>>

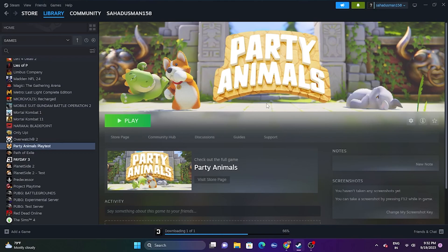Welcome back to Goodroy Tips. In this video we're going to talk about how to fix Party Animals crashing issues — it is not launching, freezing, stuttering, lagging, low FPS drop, stuck on loading screen, black screen, and many other issues that keep happening for many users. The first step is, when you're having this issue, we need to do a restart on your PC.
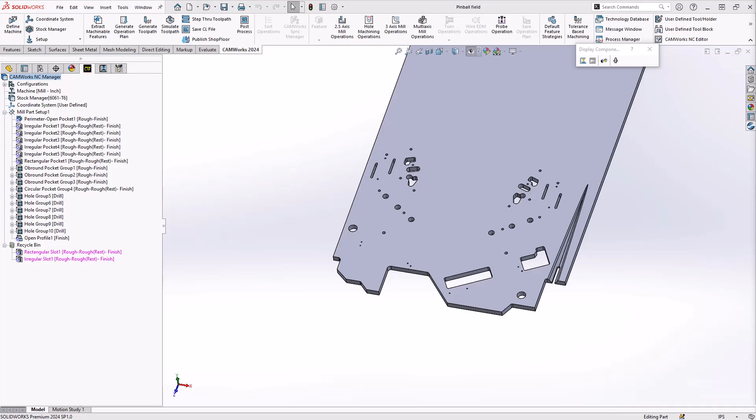Hello, my name is Mark Pimentel. I'm a CAM specialist here at Hawker Systems. And in this video, we're going to take a look at how you can create a helical milling toolpath inside of CamWorks and SolidWorks cam.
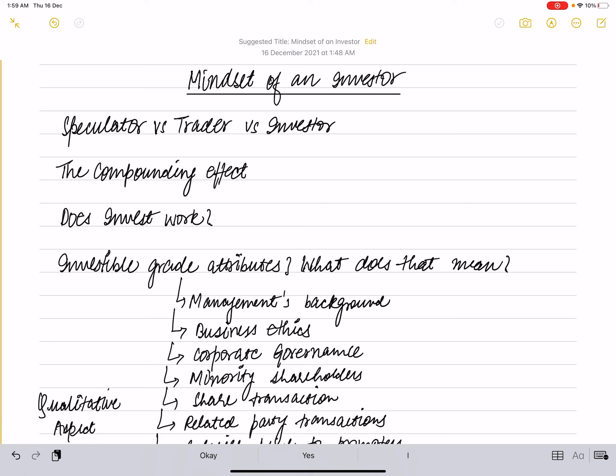All three of them have different mindsets which lead them to react differently to the same situation. Our focus is to understand why Girish, the investor, has a long-term perspective and is not really bothered about short-term movements in the market. Now, we will understand the compounding effect.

<<

WHAT THE TASK REQUIRES »
I would like the data copied exactly as it stands, with no pictures included.

SOLUTION TO THE EXERCISE »
Welcome back to Goodroy Tips. In this video we're going to talk about how to fix Party Animals crashing issues — it is not launching, freezing, stuttering, lagging, low FPS drop, stuck on loading screen, black screen, and many other issues that keep happening for many users. The first step is, when you're having this issue, we need to do a restart on your PC.
Hello, my name is Mark Pimentel. I'm a CAM specialist here at Hawker Systems. And in this video, we're going to take a look at how you can create a helical milling toolpath inside of CamWorks and SolidWorks cam.
All three of them have different mindsets which lead them to react differently to the same situation. Our focus is to understand why Girish, the investor, has a long-term perspective and is not really bothered about short-term movements in the market. Now, we will understand the compounding effect.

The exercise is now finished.